More than 70% of the population has sunk into acute poverty over the past five years. The fate of a country once dubbed the Riviera of the Middle East is all-too reminiscent of other wealthy, prosperous states — like Iran itself or Venezuela — pushed into abject conditions thanks to revolutionary mayhem, militia violence and ideological dynamics.
Relying on Hezbollah
The situation of the country’s Shias, especially those living in Hezbollah-run zones, may have been better, at least until recently, given the militia’s welfare programs and handouts, paid for by Tehran. But Iranian monies are now reduced to a trickle, which makes the Saudi kingdom the country’s next big-money patron — on paper at least.
The Saudis are making aid and reconstruction payments conditional on Hezbollah’s disarmament and implementation of the 2006 UN Resolution 1701, which urges weaponry to be restricted to the Lebanese army, security forces and police. Its non-implementation effectively turned Lebanon into a country paralyzed by Hezbollah, and ultimately provoked the destruction caused by Israel’s recent onslaught against it.

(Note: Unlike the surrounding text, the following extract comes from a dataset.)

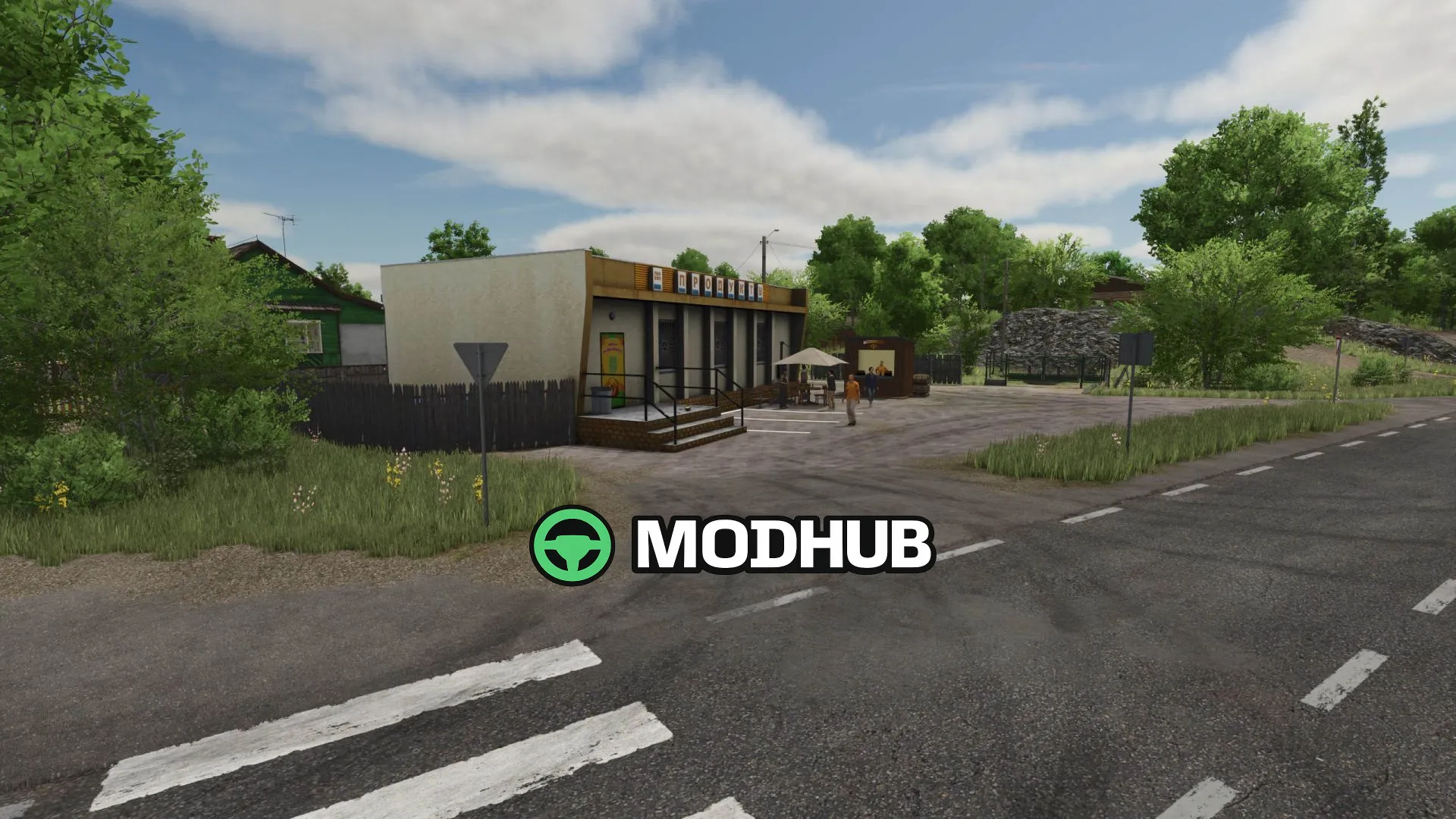 Мод на Карти Lugovoye для Фермер Симулятор 25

Hungry people do not protest.
On a recent visit to Riyadh, President Aoun asked Crown Prince Muhammad bin-Salman to aid the army with at least US billion, without which, he said, there was no hope of disarming or supplanting Hezbollah. Lebanese economist Samir al-Nizari has told Kayhan-London that the “precondition to disarm the militias affiliated with the Islamic Republic is their political isolation, and the process can only begin by restarting the country’s economic engine so people are no longer forced to get by with aid money from Tehran. Only then will people take their distance from Hezbollah, which could no longer oppose disarmament if it lacks popular backing.”

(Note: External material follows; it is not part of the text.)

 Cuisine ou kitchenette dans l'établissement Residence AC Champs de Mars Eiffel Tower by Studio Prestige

Al-Nizari says Hezbollah has won and retained socio-political clout in past years by replacing an absent or dysfunctional state, so “it cannot be isolated without reordering the economy and improving people’s material conditions. Hungry people do not protest.”
The 2019 protests, he adds, “were against the rule of ineffective parties and especially Hezbollah. But, with an economic crisis gathering pace and the currency in freefall, people abandoned the streets. Worst of all, conditions have forced people to bite their tongue to receive minimal livelihood assistance and stop protesting altogether.”